The strength of the women who were part of Jesus' life is touching and amazing. All of Jesus' disciples, aside from John, leave him, except for Mary Magdalene and his own Mother Mary. Those three are the only people who stay with him throughout his crucifixion, and I cannot sufficiently describe how heartbreakingly loving Mary, his mother, is. Also, while Jesus falls for what feels like the hundredth time as he is on his way to Golgotha, the only one of his followers brave enough to step forward and clean his face is Veronica, a woman who is roughly, after a few moments with Jesus, shoved away back into the crowd.
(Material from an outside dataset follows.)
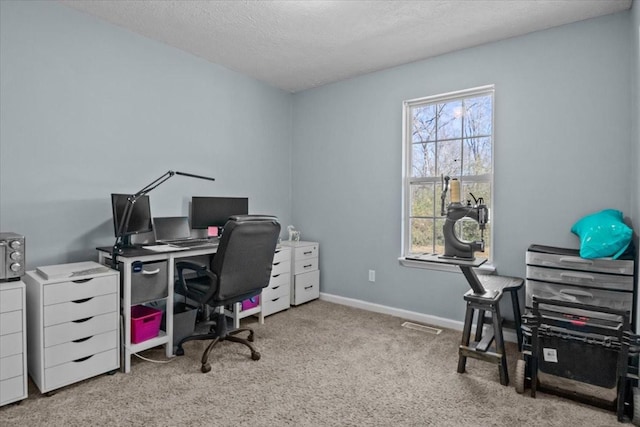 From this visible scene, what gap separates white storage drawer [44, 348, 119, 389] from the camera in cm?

The strength of all three of those characters is part of what makes the movie as wonderful as it is.

I came to the movie also expecting a certain degree of inaccuracy on the part of Mel Gibson, perhaps because the media constantly said there were mysterious "anti Semitic" undertones throughout. I found certain creative licenses were taken, such as the conversations between Pilate and his wife, and the horrid punishment the thief on Jesus' left goes through at the hands of nature, but none of these were anti Semitic or blaming the Jewish people in the least. Jews do make up most of the angry mob, but Jesus himself and his mother and all of his followers were Jewish. Also, plenty of members of the mob are disgusted at its enjoyment of the spectacle. Simon, Jewish and not even a follower of Jesus, at first reluctant, helps Jesus carry the cross willingly by the end of his march to Golgotha. The only "evil" Jewish people in the movie are Caiphas, the high priest, and the rest of the Sanhedrin. But the movie doesn't even condemn them, as numerous priests voice disapproval of the "trial" of Jesus and leave, unable to be part of such an injustice. The only characters that come across as vicious and hate filled are the Roman soldiers, as they laugh while beating Jesus, another painful scene that I certainly had to look away from.

The portrayal of Pontius Pilate may or may not be inaccurate, as he seems to be a kind, weak man in the movie, when in history we are told that he was a ruthless killer, so much so that the Caesar chastised him. But history also tell us that perhaps that was why he so reluctant to kill Jesus; if he had another killing, he could well have been punished by Caesar.

The movie has also been labeled "too bloody" and created "more of out hate then love". Where are those so concerned critics when movies like "Pulp Fiction" came out? That is hailed as one of the greater movies of our time, yet it is far more violent than "Passion". What about "The Silence of the Lambs"? The violence in that is much more disturbing and frightening than in this movie, yet no one claims its "created out of hate". Those same concerned critics also worry that "Passion" will stir up feelings of hatred for Jews. Jesus constantly says that he dies out of his own will, admonishes his disciples to "love their enemies" and asks his father to forgive the Romans nailing him to the cross. If that is not a message of love, I don't know what is, and never once is it implied that Jesus' crucifixion is the fault of all Jewish people, throughout time. It is stated that he died because he wanted to, not because anyone forced him to. Anyone claiming either of the two points above simply does not want this story told, because it will make anyone who watches it feel uncomfortable, and uncomfortable in such a different way than a movie like "Pulp Fiction" ever could.

While certainly the movie has some downfalls, such as the slightly out of proportion amount happiness the Romans have in torturing Jesus, and the perhaps melodramatic "tear drop from God" that falls to the ground after Jesus' death, none of them have to do with anti Semitism and certainly won't inspire anti Semitic feelings. As the existence of a man named Jesus who died by crucifixion is relatively accepted as fact, it is archaic to try to hide the brutality humans are capable of. Crucifixions were bloody, cruel, and vile affairs, and to try to pretend that they were not so violent or to hide the bloodshed that happened is unrealistic and silly.